Department of Biochemistry and Molecular Genetics, University of Louisville, Louisville, KY.
J Immunol. 2024 Sep 1;213(5):651-662. doi: 10.4049/jimmunol.2400131.
The expressed Ab repertoire is a critical determinant of immune-related phenotypes. Ab-encoding transcripts are distinct from other expressed genes because they are transcribed from somatically rearranged gene segments. Human Abs are composed of two identical H and L chain polypeptides derived from genes in IGH locus and one of two L chain loci. The combinatorial diversity that results from Ab gene rearrangement and the pairing of different H and L chains contributes to the immense diversity of the baseline Ab repertoire. During rearrangement, Ab gene selection is mediated by factors that influence chromatin architecture, promoter/enhancer activity, and V(D)J recombination.

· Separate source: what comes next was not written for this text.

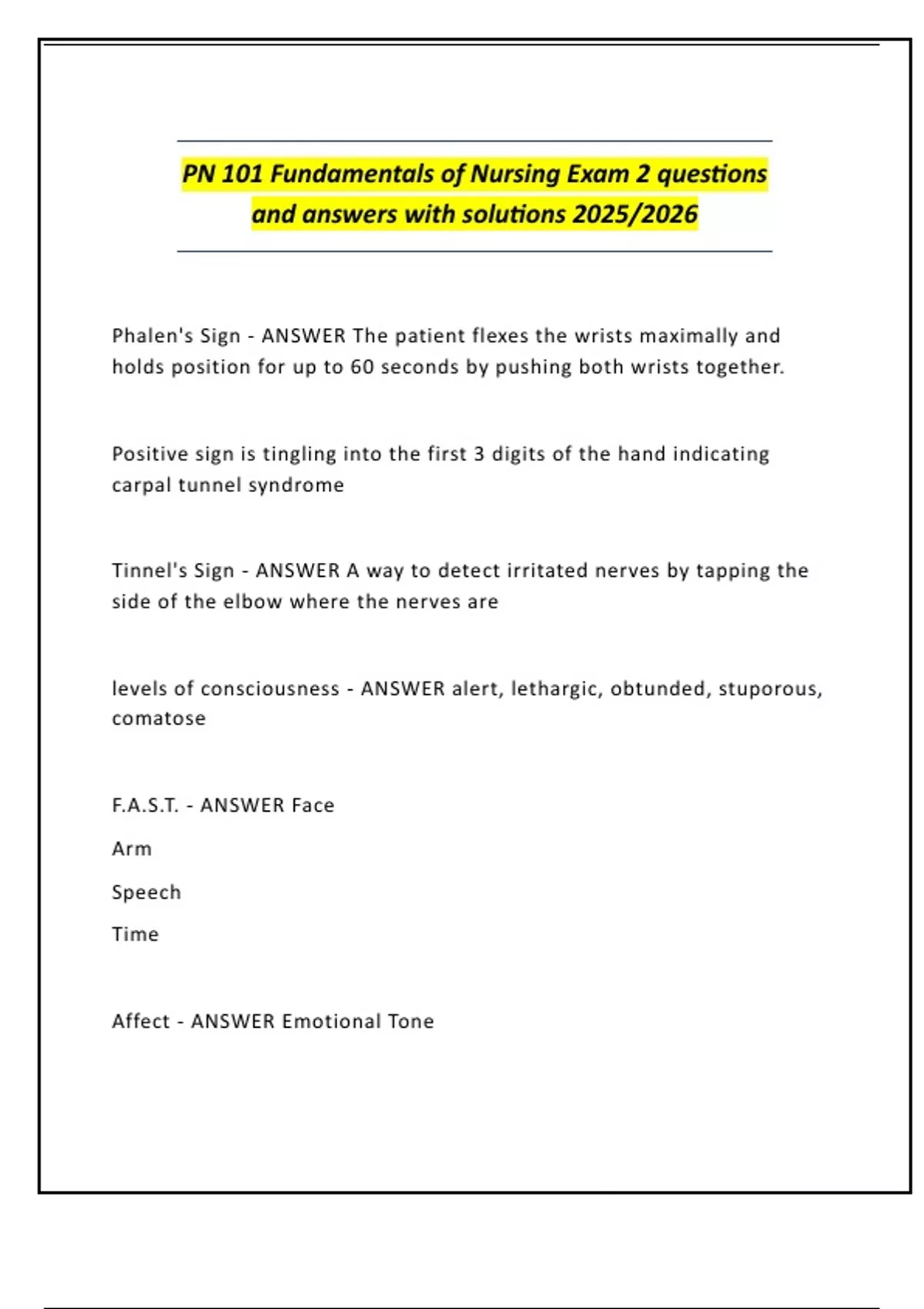 PN 101 Fundamentals of Nursing Exam 2 questions and answers with ...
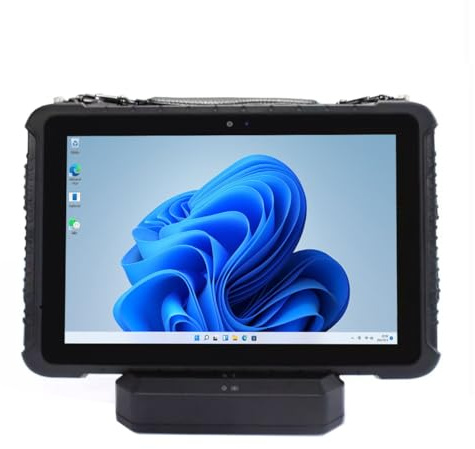 RUGLINE Tableta resistente WIN11 OS de 10.1 pulgadas, 4G LTE, GPS, resistencia al agua, legible a la luz solar, Intel N5100, 8 GB de RAM/128 GB ROM, FHD 1200 x 1920, Bluetooth, Wi-Fi dual, con base de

Interindividual variation in the composition of the Ab repertoire associates with germline variation in IGH, implicating polymorphism in Ab gene regulation. Determining how IGH variants directly mediate gene regulation will require integration of these variants with other functional genomic datasets. In this study, we argue that standard approaches using short reads have limited utility for characterizing regulatory regions in IGH at haplotype resolution. Using simulated and chromatin immunoprecipitation sequencing reads, we define features of IGH that limit use of short reads and a single reference genome, namely 1) the highly duplicated nature of the DNA sequence in IGH and 2) structural polymorphisms that are frequent in the population. We demonstrate that personalized diploid references enhance performance of short-read data for characterizing mappable portions of the locus, while also showing that long-read profiling tools will ultimately be needed to fully resolve functional impacts of IGH germline variation on expressed Ab repertoires.
抗体的表达库是免疫相关表型的关键决定因素。抗体编码转录本与其他表达基因不同,因为它们是从体细胞重排的基因片段转录而来的。人类抗体由来自 IGH 基因座的两个相同的 H 和 L 链多肽和两个 L 链基因座之一组成。抗体基因重排和不同 H 和 L 链的配对产生的组合多样性导致了基线抗体库的巨大多样性。在重排过程中,抗体基因的选择受到影响染色质结构、启动子/增强子活性和 V(D)J 重组的因素的介导。抗体库组成的个体间差异与 IGH 中的种系变异相关,暗示了抗体基因调控中的多态性。确定 IGH 变体如何直接介导基因调控,需要将这些变体与其他功能基因组数据集整合。在这项研究中,我们认为,使用短读长的标准方法在单倍型分辨率下对 IGH 中的调控区域进行特征描述的效用有限。我们使用模拟和染色质免疫沉淀测序读长,定义了限制 IGH 中短读长和单个参考基因组使用的特征,即 1)IGH 中 DNA 序列的高度重复性质,以及 2)在人群中频繁发生的结构多态性。我们证明了个性化的二倍体参考可以提高短读长数据对该基因座可映射部分进行特征描述的性能,同时也表明,最终需要使用长读长分析工具才能完全解析 IGH 种系变异对表达抗体库的功能影响。